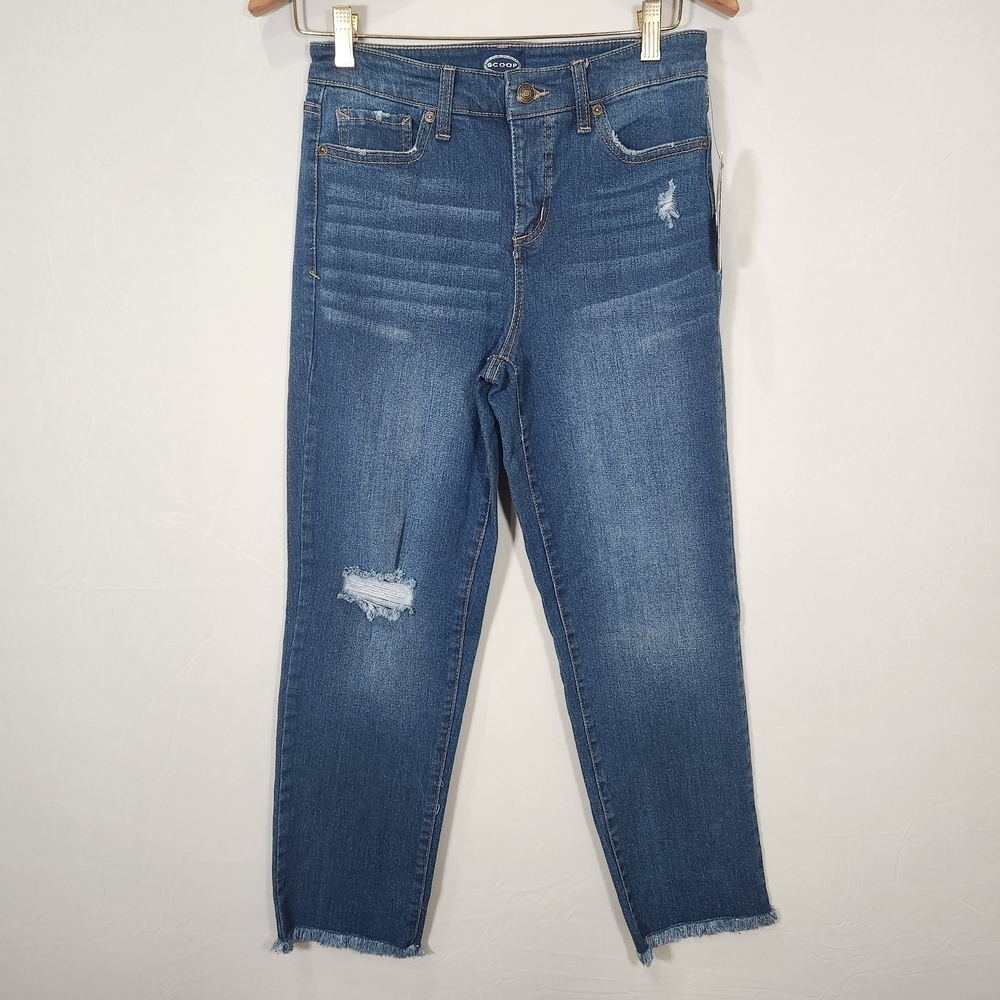Blue Cropped Jeans with Distressed Details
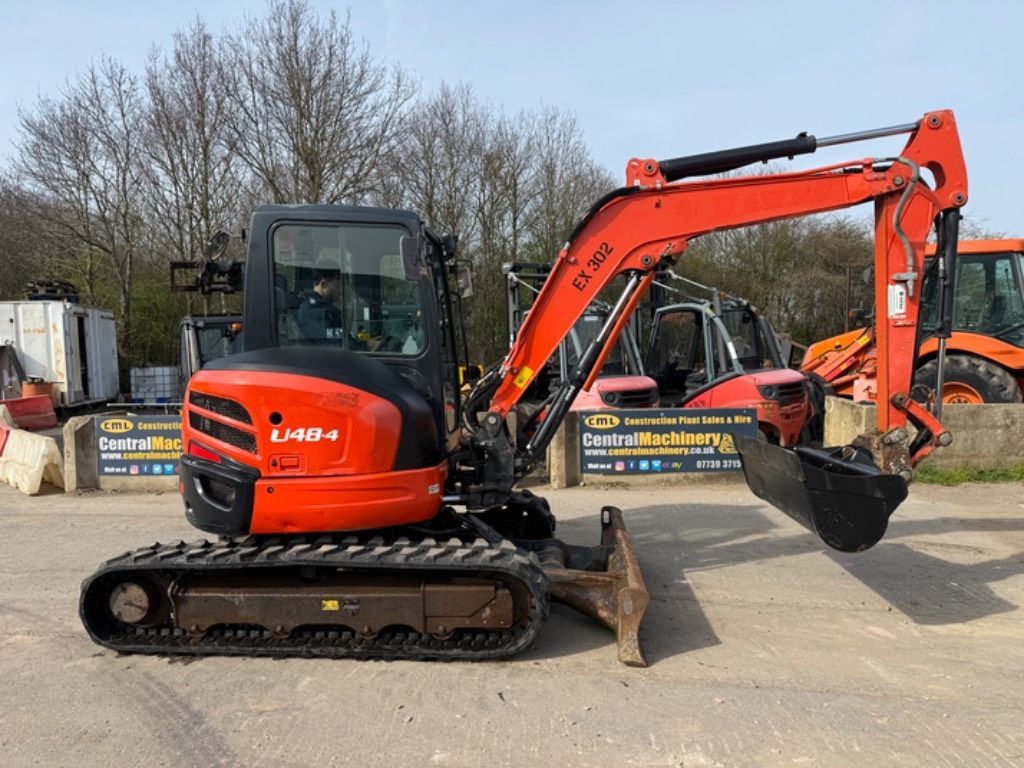 Kubota U48-4 Mini excavadora  27.164 €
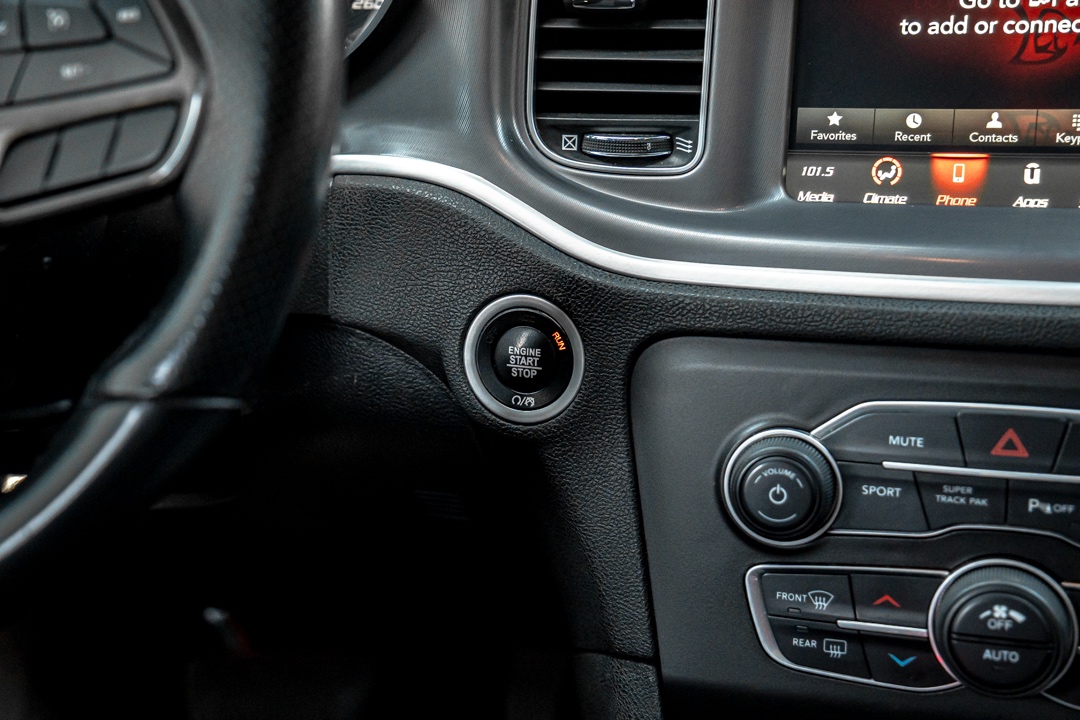 /ontarioqualitymotorsetobicoke/2022-Dodge-Charger-4797653659805272.jpg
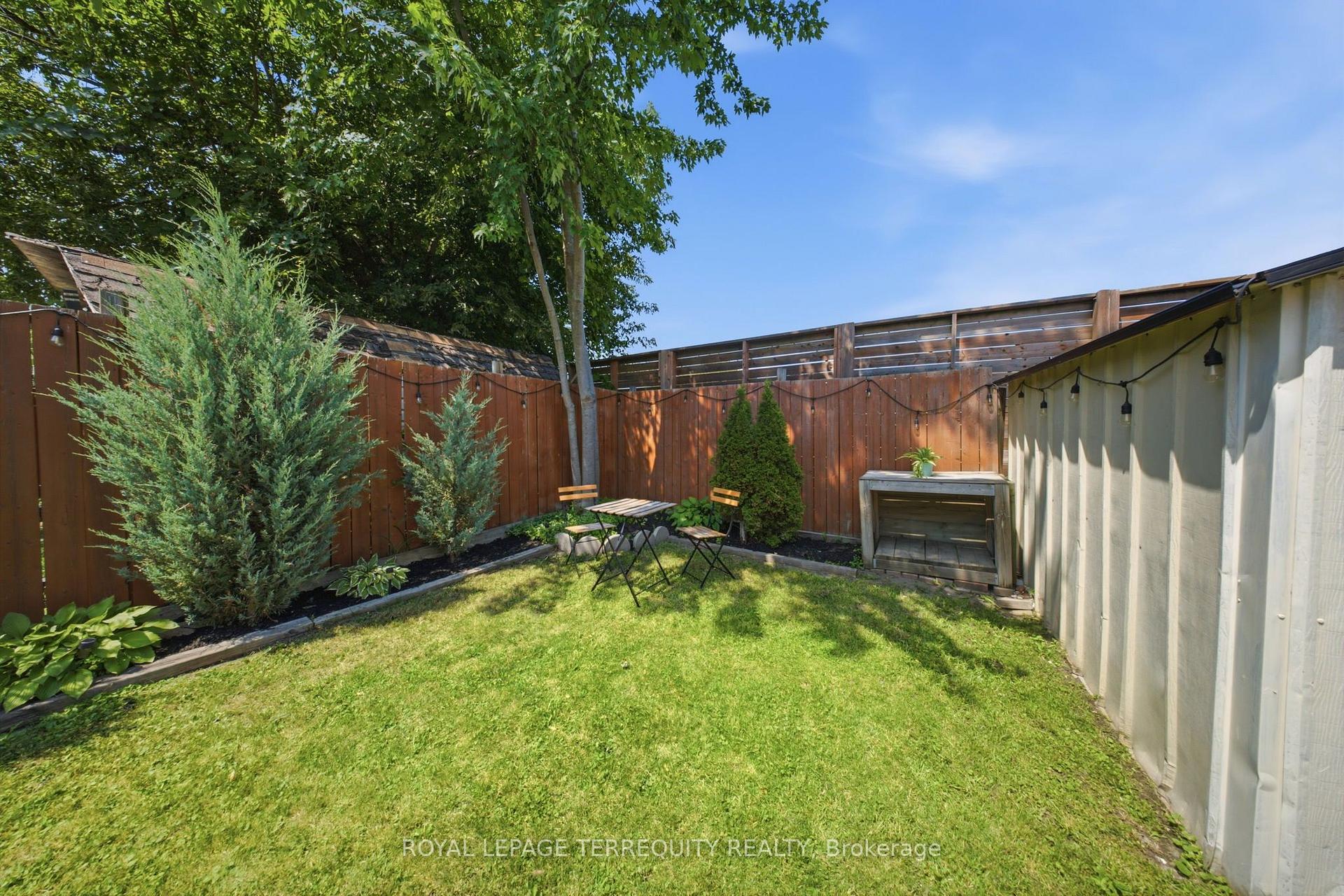 Photo 37 of 362 Durham Court, Oshawa, Vanier — HOMEH
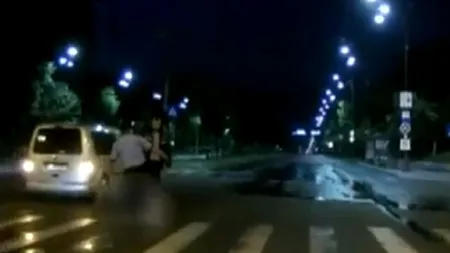 Tânăr bătut de polițiști în centrul Bucureștiului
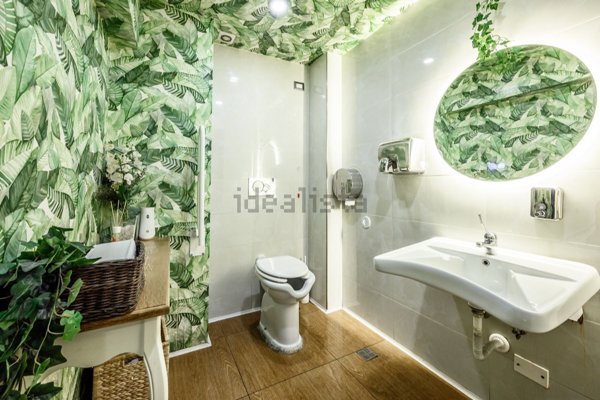 negozio in vendita a Milano in zona Porta Romana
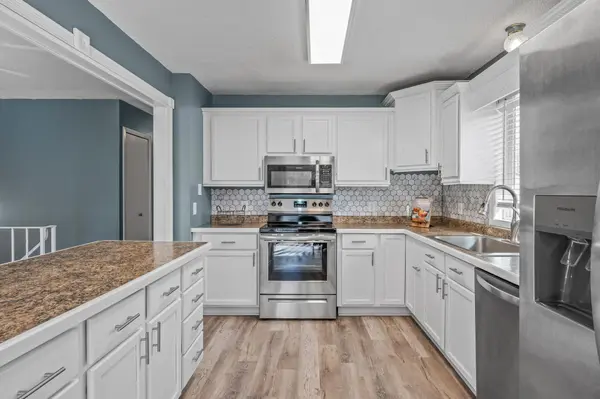 6847 Sandlewood RD Woodbury, MN 55125
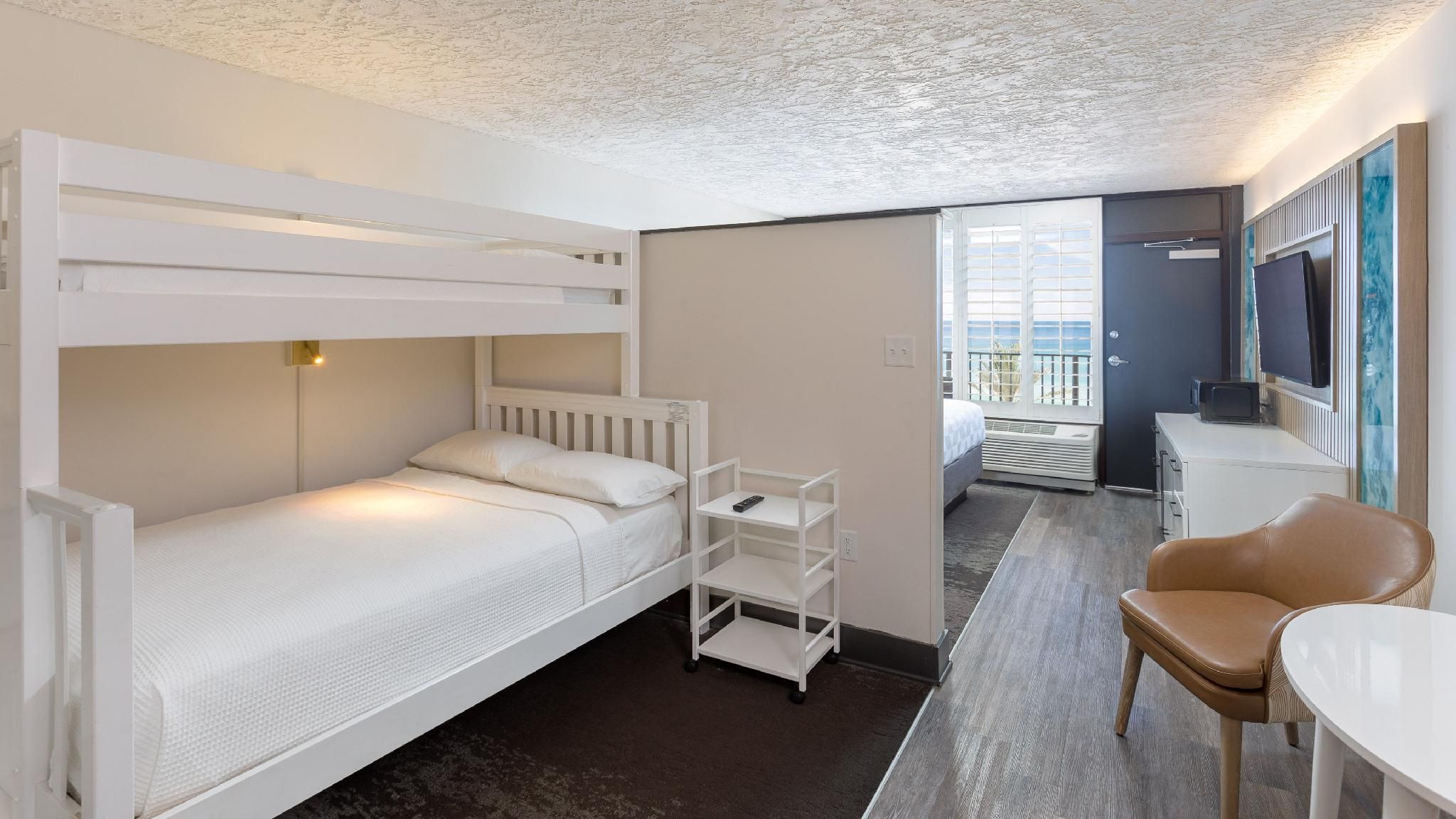 1 King 1 Bunk Bed Standard Oceanfront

• • • • • • •

Omit all pictures, and repeat exactly the lines from the line containing "Tânăr bătut de" through the end of the data.

 Tânăr bătut de polițiști în centrul Bucureștiului
 negozio in vendita a Milano in zona Porta Romana
 6847 Sandlewood RD Woodbury, MN 55125
 1 King 1 Bunk Bed Standard Oceanfront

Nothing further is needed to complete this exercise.